## Task goal
Exclude all pictures, then copy each of the records exactly as written.

## Exercise materials

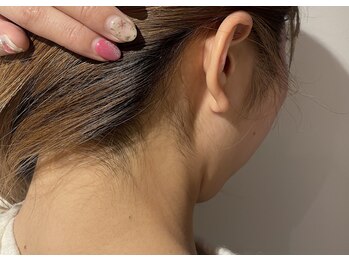 フォクシーワックス 立川店(FOXY WAX)/【ビフォー】うなじ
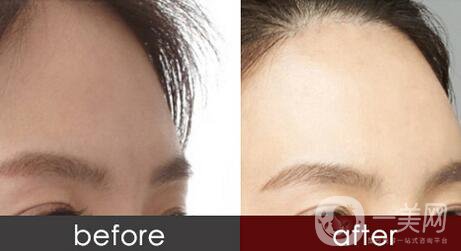 假體豐額頭維持時間是多久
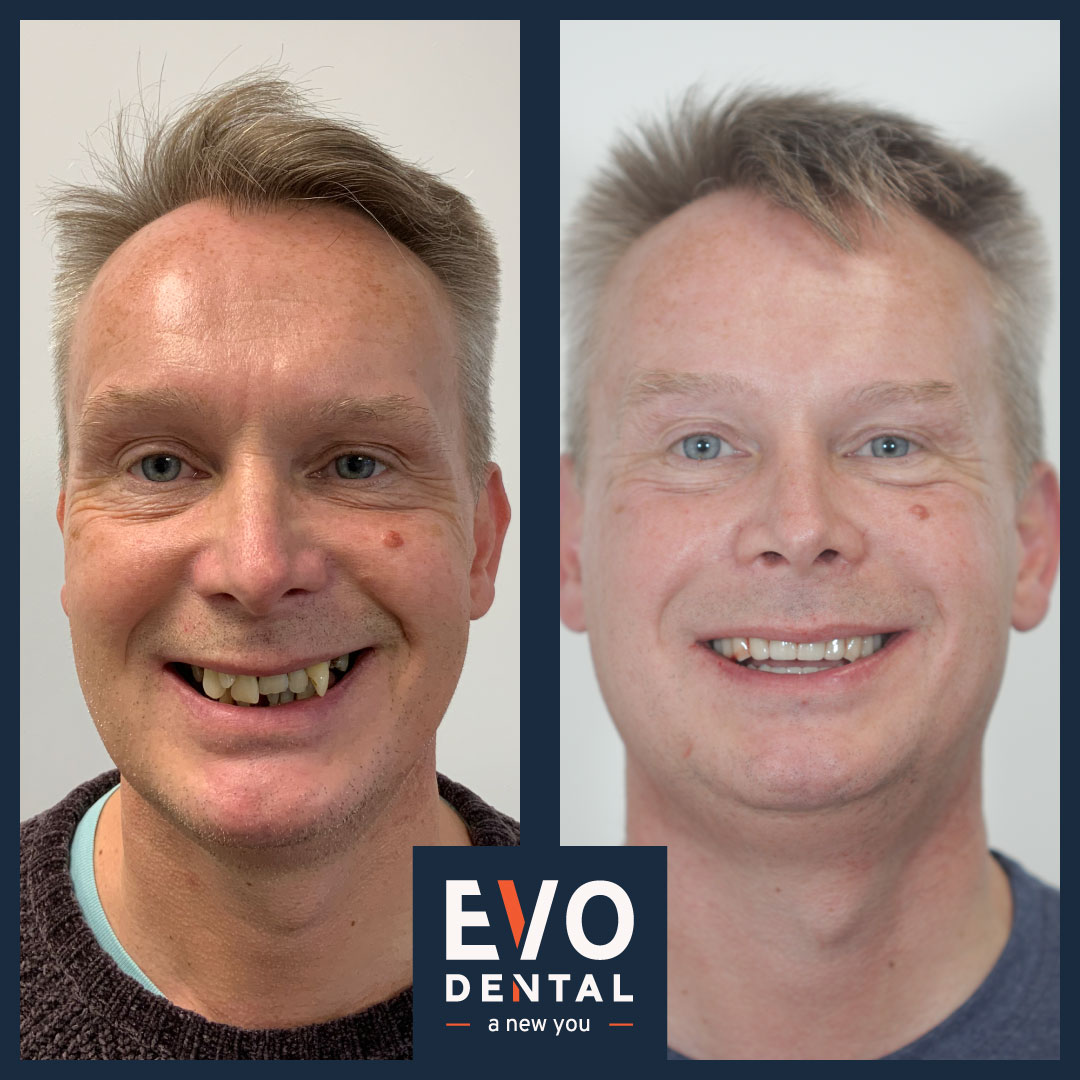 Before and after comparison of dental implant success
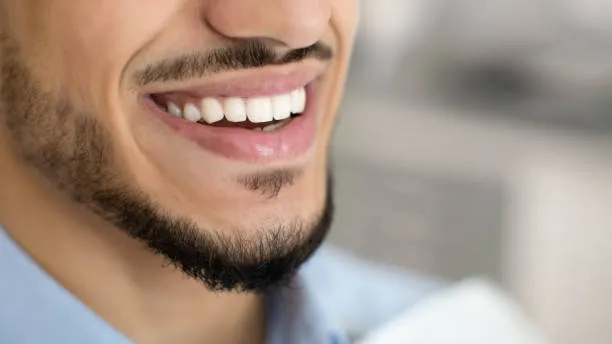 Sonrisa rehabilitada y sana después del tratamiento
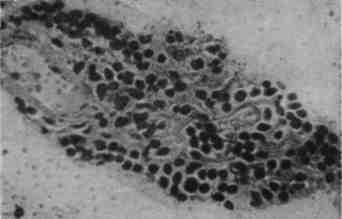 Полиомиелит: патологическая анатомия и локализация морфологических изменений в нервной системе (рис. 3) Полиомиелит: патологическая анатомия и локализация морфологических изменений в нервной системе (рис. 3)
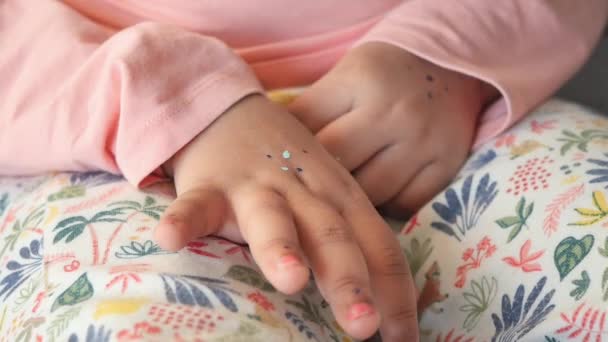 Gadis Kecil Yang Menderita Gatal Kulit Tutup — Stok Video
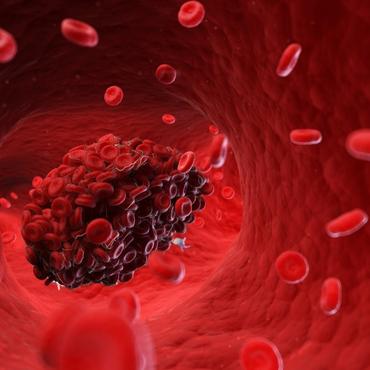 Vajinadan Ciğer Gibi Parça Gelmesi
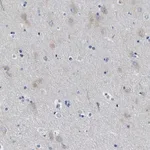Merck Anti-ITPR1 antibody produced in rabbit
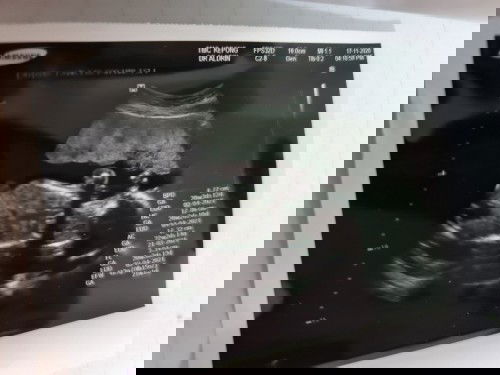 สงสัยเรื่องอายุครรภ์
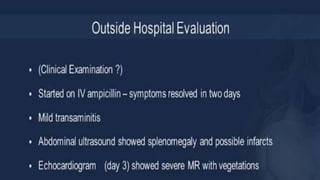 Infective endocarditis 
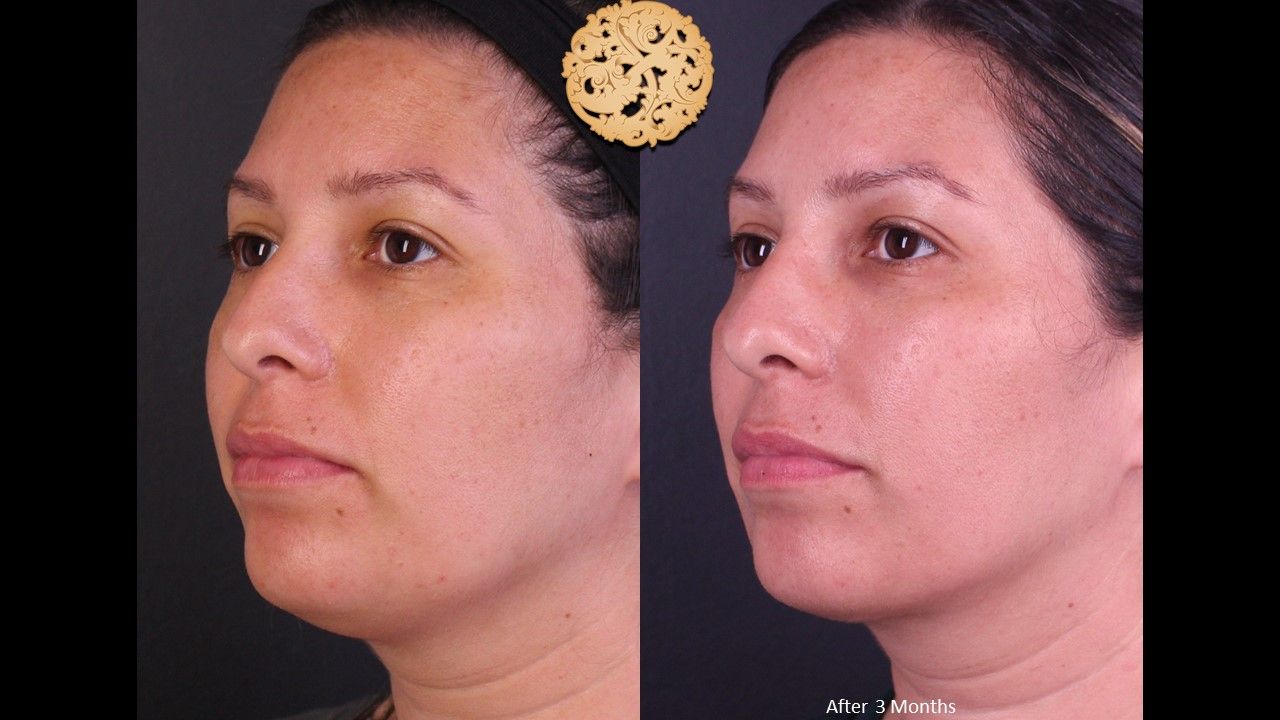 Facetite Before & After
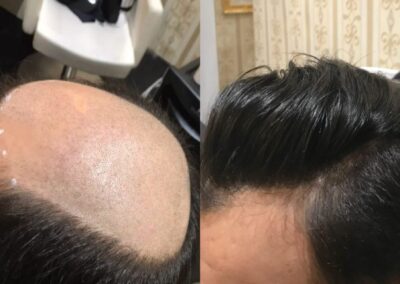 Vorher-Nachher-Vergleich, bei dem der haarlose Oberkopf eines Mannes mit einer MicroLines-Haarverdichtung von Hairdreams kaschiert wurde.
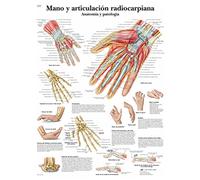 3B Scientific VR3171UU Impreso en Papel, Mano y Articulación Radiocarpiana, Anatomía y Patología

## Solution for this task
 フォクシーワックス 立川店(FOXY WAX)/【ビフォー】うなじ
 假體豐額頭維持時間是多久
 Before and after comparison of dental implant success
 Sonrisa rehabilitada y sana después del tratamiento
 Полиомиелит: патологическая анатомия и локализация морфологических изменений в нервной системе (рис. 3) Полиомиелит: патологическая анатомия и локализация морфологических изменений в нервной системе (рис. 3)
 Gadis Kecil Yang Menderita Gatal Kulit Tutup — Stok Video
 Vajinadan Ciğer Gibi Parça Gelmesi
Merck Anti-ITPR1 antibody produced in rabbit
 สงสัยเรื่องอายุครรภ์
 Infective endocarditis 
 Facetite Before & After
 Vorher-Nachher-Vergleich, bei dem der haarlose Oberkopf eines Mannes mit einer MicroLines-Haarverdichtung von Hairdreams kaschiert wurde.
 3B Scientific VR3171UU Impreso en Papel, Mano y Articulación Radiocarpiana, Anatomía y Patología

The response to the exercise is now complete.